Return of Rajapaksa rule given rise to drastic changes, both positive and negative

Very little praise given for positive measures enacted by ‘Yahapalanaya’ 

Tamils who want to sing national anthem in their mother tongue are neither separatists nor extremists 

Valalaai event initiated by Maithri-Ranil-Chandrika triumvirate a harbinger of hope 

Return of Rajapaksa rule given rise to drastic changes, both positive and negative 

By D.B.S. Jeyaraj 

This is my third and final column in the trilogy of articles about the singing of Sri Lanka’s national anthem in Sinhala and Tamil languages. I would have very much liked to write about hot topics like Ranjan Ramanayake’s voice recordings or President Gotabaya’s policy speech or internal troubles of the UNP, but I shall stick to this issue that I feel very strongly about. I have been deeply touched and vastly encouraged by widespread response to the previous two articles in these columns. Most of the responses I received were of a positive nature while a few were certainly negative. Interestingly enough, many of the negative ones were from Sinhala and Tamil expatriates residing in western countries while positive ones were preponderantly from readers living in Sri  Lanka. This pattern was most revealing. 

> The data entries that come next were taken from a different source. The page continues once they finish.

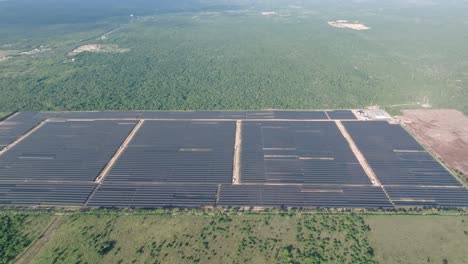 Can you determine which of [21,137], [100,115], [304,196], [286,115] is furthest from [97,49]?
[304,196]

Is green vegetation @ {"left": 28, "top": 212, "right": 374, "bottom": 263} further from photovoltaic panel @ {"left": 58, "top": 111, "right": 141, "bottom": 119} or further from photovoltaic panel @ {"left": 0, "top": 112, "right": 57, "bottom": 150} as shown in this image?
photovoltaic panel @ {"left": 58, "top": 111, "right": 141, "bottom": 119}

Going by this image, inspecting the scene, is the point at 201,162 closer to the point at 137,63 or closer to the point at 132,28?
the point at 137,63

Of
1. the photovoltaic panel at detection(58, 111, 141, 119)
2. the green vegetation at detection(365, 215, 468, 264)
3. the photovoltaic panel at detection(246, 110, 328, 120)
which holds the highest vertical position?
the photovoltaic panel at detection(58, 111, 141, 119)

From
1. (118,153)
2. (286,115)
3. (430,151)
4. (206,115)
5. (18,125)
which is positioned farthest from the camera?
(206,115)

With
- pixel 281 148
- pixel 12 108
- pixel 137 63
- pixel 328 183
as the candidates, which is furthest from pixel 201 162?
pixel 137 63

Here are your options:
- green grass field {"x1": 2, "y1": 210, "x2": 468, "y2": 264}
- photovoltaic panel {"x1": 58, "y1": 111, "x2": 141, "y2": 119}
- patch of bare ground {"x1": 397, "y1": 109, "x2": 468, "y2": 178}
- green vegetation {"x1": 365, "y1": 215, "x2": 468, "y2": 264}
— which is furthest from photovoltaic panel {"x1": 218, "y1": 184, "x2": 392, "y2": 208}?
photovoltaic panel {"x1": 58, "y1": 111, "x2": 141, "y2": 119}

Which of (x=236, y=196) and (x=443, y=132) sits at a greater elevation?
(x=443, y=132)

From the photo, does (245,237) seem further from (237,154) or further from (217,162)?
(237,154) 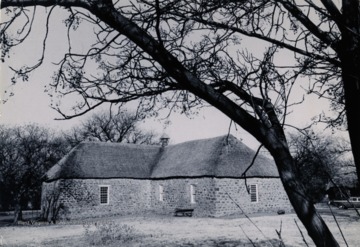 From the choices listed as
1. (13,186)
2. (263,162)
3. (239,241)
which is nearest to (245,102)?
(239,241)

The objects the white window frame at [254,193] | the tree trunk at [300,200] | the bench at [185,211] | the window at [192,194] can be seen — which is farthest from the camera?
the white window frame at [254,193]

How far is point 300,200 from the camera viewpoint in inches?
147

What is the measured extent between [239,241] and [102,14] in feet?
39.9

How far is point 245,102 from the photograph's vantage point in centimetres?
457

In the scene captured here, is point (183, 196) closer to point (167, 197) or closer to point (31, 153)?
point (167, 197)

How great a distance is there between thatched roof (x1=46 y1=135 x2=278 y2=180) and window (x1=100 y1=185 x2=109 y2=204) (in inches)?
41.2

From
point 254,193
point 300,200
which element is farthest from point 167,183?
point 300,200

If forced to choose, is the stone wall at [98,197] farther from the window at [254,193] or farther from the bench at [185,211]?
the window at [254,193]

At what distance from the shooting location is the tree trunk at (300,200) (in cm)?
364

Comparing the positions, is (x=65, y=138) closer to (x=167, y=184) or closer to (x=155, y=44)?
(x=167, y=184)

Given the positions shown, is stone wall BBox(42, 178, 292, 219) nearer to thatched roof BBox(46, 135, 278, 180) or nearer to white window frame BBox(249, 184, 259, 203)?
white window frame BBox(249, 184, 259, 203)

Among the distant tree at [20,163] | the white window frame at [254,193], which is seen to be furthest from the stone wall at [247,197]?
the distant tree at [20,163]

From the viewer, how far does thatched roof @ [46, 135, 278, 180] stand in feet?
94.8

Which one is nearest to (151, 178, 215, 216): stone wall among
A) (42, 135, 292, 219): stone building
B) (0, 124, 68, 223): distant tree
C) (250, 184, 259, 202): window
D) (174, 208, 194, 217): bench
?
(42, 135, 292, 219): stone building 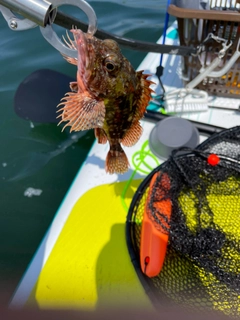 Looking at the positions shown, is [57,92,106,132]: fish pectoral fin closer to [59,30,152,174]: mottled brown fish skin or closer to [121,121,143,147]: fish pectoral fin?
[59,30,152,174]: mottled brown fish skin

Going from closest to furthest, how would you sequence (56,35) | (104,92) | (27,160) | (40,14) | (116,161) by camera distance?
(40,14) → (56,35) → (104,92) → (116,161) → (27,160)

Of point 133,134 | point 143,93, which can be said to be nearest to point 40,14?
point 143,93

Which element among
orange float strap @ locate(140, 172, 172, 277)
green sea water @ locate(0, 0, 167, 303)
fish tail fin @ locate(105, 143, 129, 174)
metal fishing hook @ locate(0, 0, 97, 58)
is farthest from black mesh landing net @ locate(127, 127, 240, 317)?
metal fishing hook @ locate(0, 0, 97, 58)

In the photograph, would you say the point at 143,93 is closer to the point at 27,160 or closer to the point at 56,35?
Result: the point at 56,35

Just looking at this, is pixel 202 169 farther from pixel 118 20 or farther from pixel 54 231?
pixel 118 20

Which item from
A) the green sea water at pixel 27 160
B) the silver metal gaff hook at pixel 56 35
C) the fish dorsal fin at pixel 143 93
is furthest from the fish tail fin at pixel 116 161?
the green sea water at pixel 27 160

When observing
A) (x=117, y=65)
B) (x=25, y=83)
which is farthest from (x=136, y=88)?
(x=25, y=83)

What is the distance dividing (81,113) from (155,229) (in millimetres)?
978

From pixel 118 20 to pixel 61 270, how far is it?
188 inches

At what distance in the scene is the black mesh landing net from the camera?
1765mm

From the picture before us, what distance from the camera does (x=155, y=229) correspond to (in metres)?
1.92

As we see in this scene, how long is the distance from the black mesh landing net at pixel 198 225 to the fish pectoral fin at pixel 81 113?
927mm

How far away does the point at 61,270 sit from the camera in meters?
2.15

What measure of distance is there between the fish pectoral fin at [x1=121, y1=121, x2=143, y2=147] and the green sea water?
1.28m
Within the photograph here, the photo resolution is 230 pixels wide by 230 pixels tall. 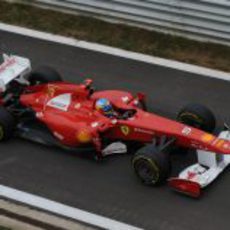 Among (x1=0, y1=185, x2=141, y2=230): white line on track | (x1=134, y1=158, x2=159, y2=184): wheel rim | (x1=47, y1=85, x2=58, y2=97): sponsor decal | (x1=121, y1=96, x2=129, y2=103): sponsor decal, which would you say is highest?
(x1=121, y1=96, x2=129, y2=103): sponsor decal

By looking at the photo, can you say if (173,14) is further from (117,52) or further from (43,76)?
(43,76)

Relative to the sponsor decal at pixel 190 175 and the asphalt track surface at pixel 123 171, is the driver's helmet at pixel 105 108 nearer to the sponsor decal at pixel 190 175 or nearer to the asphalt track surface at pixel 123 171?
the asphalt track surface at pixel 123 171

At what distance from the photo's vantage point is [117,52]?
1427cm

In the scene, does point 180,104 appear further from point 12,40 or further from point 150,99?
point 12,40

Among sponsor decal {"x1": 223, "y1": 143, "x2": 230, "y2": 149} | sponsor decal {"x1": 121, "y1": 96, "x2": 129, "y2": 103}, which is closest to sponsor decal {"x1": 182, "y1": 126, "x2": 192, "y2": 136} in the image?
sponsor decal {"x1": 223, "y1": 143, "x2": 230, "y2": 149}

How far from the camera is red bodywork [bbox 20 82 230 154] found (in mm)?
10719

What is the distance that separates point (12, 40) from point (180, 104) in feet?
12.4

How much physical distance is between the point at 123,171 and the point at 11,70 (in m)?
2.47

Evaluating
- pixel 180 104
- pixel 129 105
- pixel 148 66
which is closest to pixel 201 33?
pixel 148 66

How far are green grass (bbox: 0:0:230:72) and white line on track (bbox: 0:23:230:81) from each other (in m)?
0.13

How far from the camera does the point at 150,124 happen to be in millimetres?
10961

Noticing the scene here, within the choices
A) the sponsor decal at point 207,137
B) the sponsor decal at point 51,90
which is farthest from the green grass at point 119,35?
the sponsor decal at point 207,137

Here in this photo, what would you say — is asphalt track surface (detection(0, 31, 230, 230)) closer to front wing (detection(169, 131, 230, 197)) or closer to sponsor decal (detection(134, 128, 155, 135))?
front wing (detection(169, 131, 230, 197))

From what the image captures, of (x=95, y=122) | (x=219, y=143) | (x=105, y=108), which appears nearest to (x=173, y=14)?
(x=105, y=108) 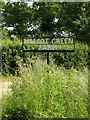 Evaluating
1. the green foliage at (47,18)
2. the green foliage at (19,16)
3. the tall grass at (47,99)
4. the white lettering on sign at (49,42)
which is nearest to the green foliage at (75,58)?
the white lettering on sign at (49,42)

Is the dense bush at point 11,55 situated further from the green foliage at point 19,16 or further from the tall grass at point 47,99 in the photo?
the green foliage at point 19,16

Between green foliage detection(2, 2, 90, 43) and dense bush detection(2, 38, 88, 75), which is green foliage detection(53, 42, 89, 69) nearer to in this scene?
dense bush detection(2, 38, 88, 75)

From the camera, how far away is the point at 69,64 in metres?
10.5

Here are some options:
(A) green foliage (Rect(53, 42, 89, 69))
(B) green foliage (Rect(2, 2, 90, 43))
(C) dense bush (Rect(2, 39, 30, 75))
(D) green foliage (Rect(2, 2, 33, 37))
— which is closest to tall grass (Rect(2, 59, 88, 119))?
(C) dense bush (Rect(2, 39, 30, 75))

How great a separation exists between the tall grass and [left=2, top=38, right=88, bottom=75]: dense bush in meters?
4.38

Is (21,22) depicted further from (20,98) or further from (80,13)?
(20,98)

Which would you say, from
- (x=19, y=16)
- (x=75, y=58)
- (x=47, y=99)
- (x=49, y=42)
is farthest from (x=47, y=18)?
(x=47, y=99)

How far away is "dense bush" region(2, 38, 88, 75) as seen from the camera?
9.37 meters

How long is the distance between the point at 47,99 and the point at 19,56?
5818mm

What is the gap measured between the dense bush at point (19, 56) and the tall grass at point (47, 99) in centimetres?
438

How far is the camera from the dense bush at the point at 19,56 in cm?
937

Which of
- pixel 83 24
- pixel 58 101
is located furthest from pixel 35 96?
pixel 83 24

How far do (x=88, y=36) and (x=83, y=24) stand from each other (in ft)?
3.19

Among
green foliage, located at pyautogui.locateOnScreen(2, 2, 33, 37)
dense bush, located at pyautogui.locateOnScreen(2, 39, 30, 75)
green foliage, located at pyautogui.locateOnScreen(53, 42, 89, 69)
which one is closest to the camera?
dense bush, located at pyautogui.locateOnScreen(2, 39, 30, 75) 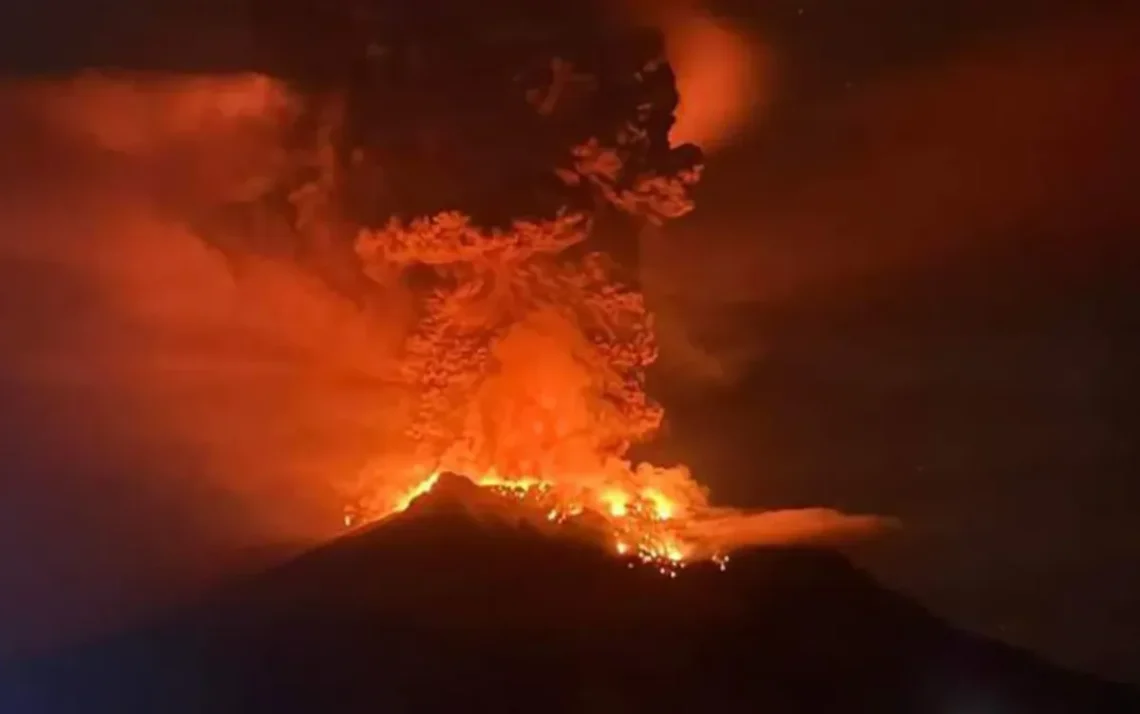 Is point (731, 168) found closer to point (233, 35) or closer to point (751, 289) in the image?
point (751, 289)

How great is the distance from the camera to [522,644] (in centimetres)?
349

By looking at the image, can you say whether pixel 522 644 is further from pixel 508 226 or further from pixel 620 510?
pixel 508 226

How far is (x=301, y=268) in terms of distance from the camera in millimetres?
3264

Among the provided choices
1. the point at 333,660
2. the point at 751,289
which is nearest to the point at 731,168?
the point at 751,289

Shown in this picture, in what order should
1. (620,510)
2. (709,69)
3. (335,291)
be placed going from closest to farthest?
(709,69) < (335,291) < (620,510)

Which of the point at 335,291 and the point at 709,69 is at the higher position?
the point at 709,69

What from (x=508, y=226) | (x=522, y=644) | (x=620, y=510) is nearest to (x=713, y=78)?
(x=508, y=226)

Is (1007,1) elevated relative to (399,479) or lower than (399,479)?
elevated

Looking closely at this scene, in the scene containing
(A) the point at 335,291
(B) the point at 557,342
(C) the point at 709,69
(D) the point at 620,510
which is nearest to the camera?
(C) the point at 709,69

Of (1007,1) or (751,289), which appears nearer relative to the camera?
(1007,1)

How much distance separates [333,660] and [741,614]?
43.7 inches

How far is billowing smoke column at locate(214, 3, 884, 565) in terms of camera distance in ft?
9.73

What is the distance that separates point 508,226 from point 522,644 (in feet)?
3.69

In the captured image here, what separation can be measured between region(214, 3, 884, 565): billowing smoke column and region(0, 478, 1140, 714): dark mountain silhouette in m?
0.16
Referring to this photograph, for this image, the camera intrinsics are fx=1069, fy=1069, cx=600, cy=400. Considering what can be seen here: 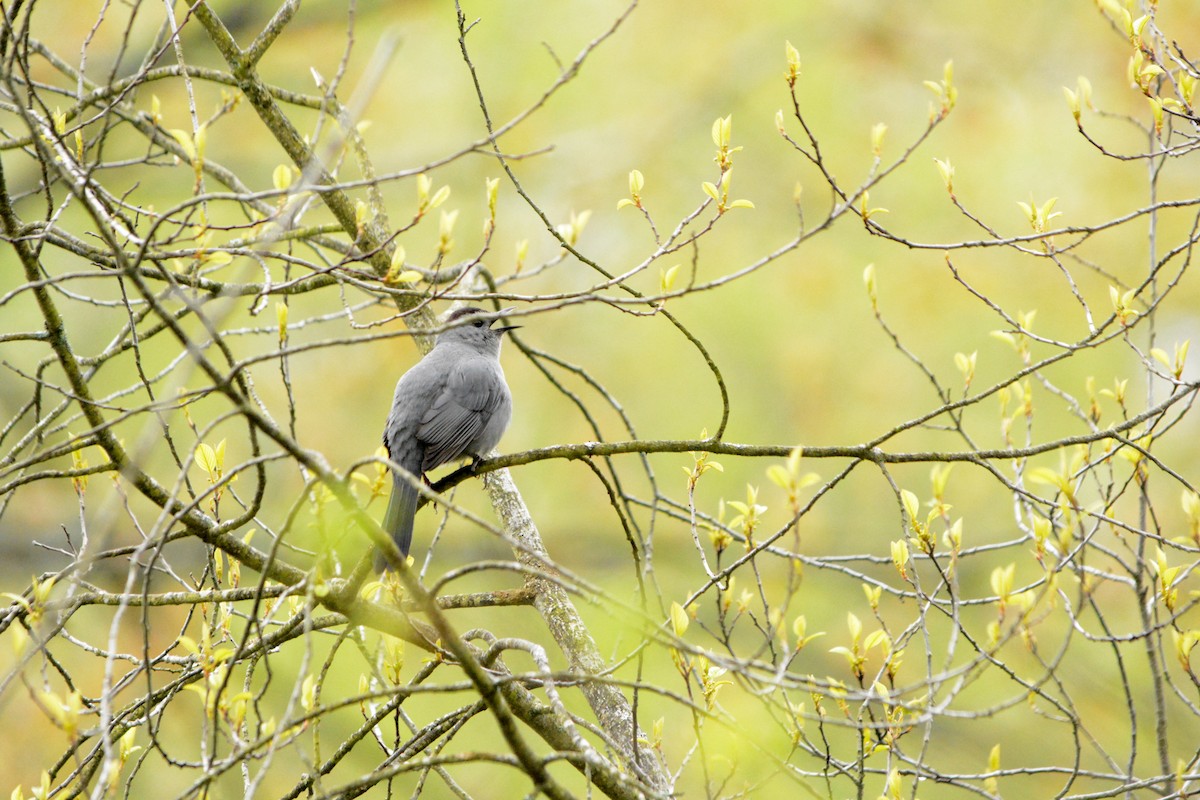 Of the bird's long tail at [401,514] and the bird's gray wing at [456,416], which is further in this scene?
the bird's gray wing at [456,416]

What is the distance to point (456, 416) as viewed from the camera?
5.45 m

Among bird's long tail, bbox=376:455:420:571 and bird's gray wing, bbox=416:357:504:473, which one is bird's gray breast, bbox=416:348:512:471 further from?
bird's long tail, bbox=376:455:420:571

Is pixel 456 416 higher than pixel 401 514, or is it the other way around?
pixel 456 416

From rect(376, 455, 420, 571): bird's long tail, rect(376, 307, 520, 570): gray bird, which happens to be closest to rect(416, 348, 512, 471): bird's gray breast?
rect(376, 307, 520, 570): gray bird

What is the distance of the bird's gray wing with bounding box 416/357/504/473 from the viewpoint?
539cm

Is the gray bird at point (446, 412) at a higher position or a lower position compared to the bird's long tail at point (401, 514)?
higher

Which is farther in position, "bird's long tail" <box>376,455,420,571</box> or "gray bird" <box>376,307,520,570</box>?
"gray bird" <box>376,307,520,570</box>

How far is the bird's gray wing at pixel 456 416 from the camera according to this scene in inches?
212

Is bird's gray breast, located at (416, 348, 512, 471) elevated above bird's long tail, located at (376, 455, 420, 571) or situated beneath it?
elevated above

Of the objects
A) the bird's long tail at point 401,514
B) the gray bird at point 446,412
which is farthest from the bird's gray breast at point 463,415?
the bird's long tail at point 401,514

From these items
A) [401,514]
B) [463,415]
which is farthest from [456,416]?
[401,514]

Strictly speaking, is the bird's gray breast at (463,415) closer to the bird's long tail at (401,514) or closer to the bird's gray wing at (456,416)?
the bird's gray wing at (456,416)

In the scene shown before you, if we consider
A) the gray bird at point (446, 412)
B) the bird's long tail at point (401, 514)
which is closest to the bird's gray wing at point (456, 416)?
the gray bird at point (446, 412)

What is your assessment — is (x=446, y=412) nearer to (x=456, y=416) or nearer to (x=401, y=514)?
(x=456, y=416) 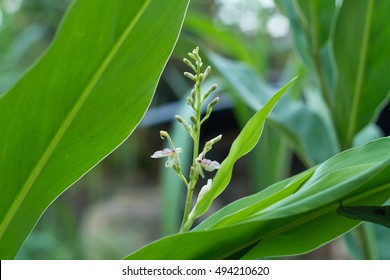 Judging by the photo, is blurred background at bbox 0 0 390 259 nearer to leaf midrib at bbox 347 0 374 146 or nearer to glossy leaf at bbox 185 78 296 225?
leaf midrib at bbox 347 0 374 146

Another refreshing phenomenon was the appearance – in some English newspapers – of several articles, viewpoints and letters in support of the national anthem being sung in both languages. They were somewhat critical of the incumbent government’s declared intention of banning the national anthem from being sung in Tamil at the forthcoming 72nd Independence Day celebrations on February 4 in Colombo.